* _WHAT YOU ARE ASKED TO DO_: Taking the entries below, transcribe only the lines starting with the one with "Factory customizable spice" and going on through the one with "Meme-Worthy Cute Sleeping", exactly as written, without the pictures.

* _DATASET EXCERPTS_:
---

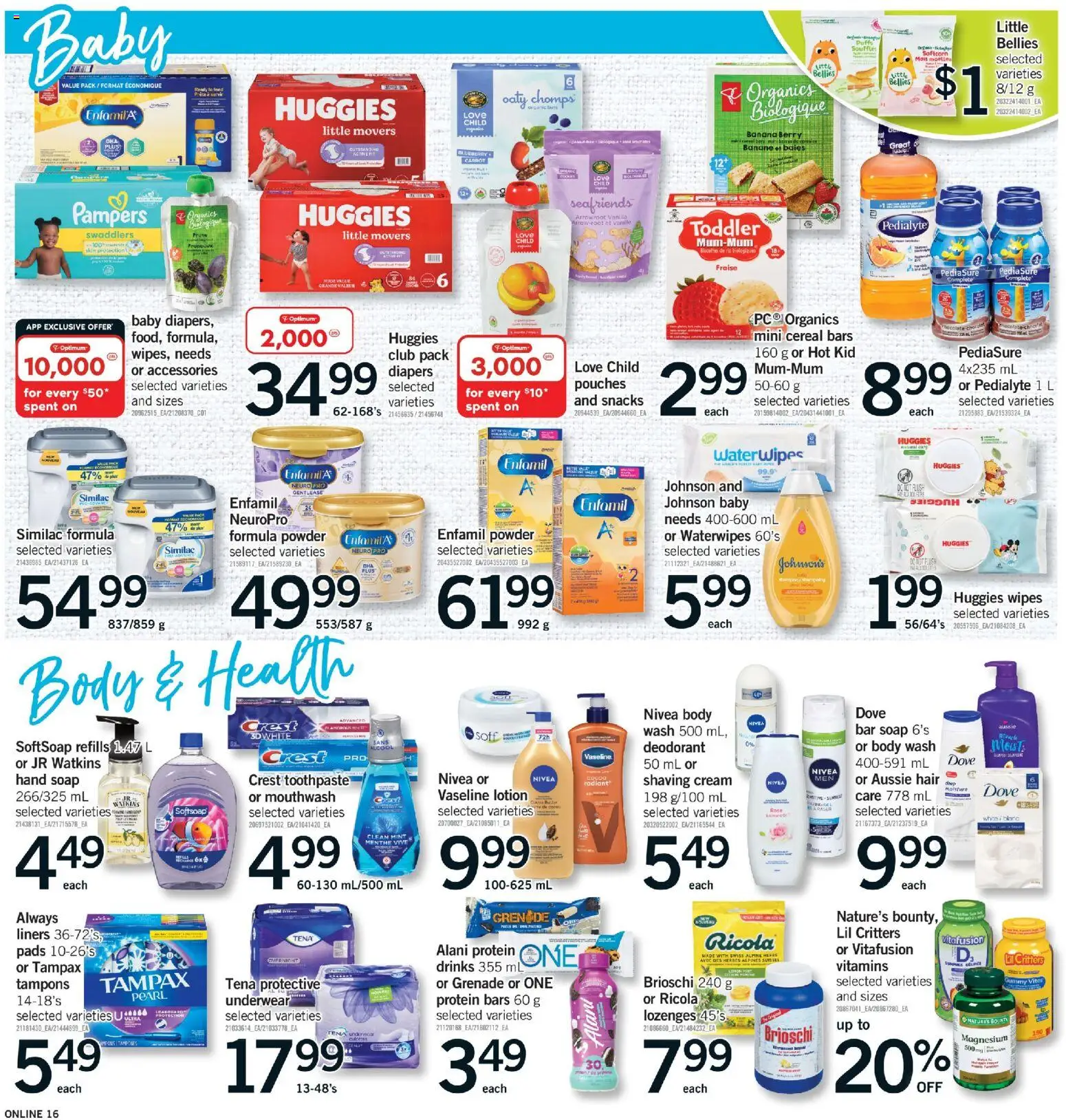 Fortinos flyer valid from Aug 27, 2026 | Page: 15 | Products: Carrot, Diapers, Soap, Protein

---

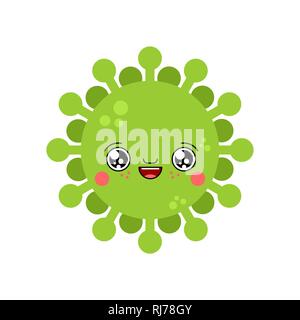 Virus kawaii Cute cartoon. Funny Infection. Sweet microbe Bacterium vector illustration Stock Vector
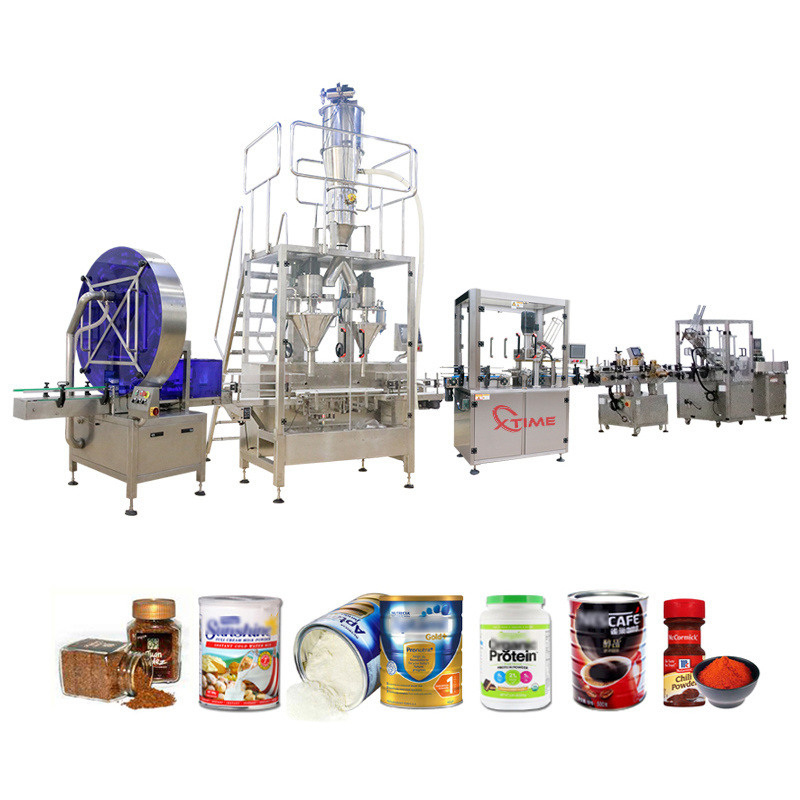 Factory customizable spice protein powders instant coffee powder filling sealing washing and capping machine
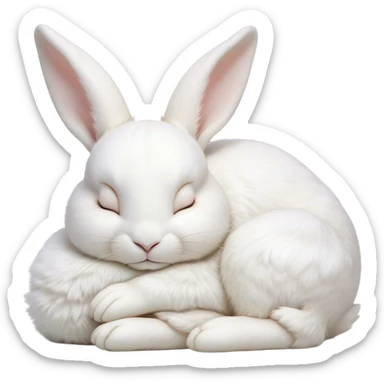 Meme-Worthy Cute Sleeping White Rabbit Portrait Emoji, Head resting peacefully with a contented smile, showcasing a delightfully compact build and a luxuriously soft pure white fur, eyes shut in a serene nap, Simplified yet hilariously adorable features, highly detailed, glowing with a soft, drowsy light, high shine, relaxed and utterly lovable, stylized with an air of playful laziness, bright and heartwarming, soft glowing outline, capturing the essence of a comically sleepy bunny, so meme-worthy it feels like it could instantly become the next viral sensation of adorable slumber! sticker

---

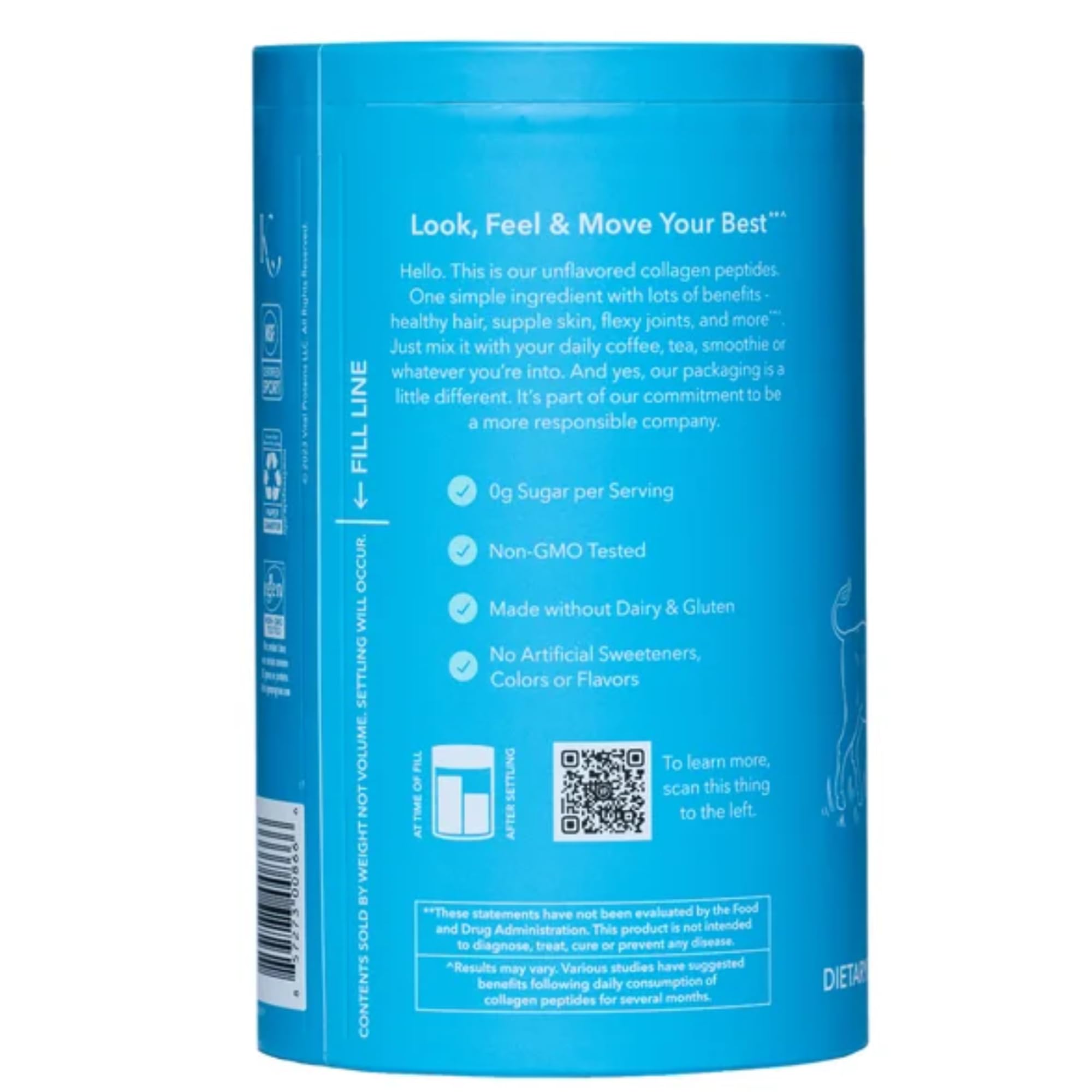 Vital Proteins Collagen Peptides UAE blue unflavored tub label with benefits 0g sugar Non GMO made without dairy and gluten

---

* _SOLVED PROBLEM_:
 Factory customizable spice protein powders instant coffee powder filling sealing washing and capping machine
 Meme-Worthy Cute Sleeping White Rabbit Portrait Emoji, Head resting peacefully with a contented smile, showcasing a delightfully compact build and a luxuriously soft pure white fur, eyes shut in a serene nap, Simplified yet hilariously adorable features, highly detailed, glowing with a soft, drowsy light, high shine, relaxed and utterly lovable, stylized with an air of playful laziness, bright and heartwarming, soft glowing outline, capturing the essence of a comically sleepy bunny, so meme-worthy it feels like it could instantly become the next viral sensation of adorable slumber! sticker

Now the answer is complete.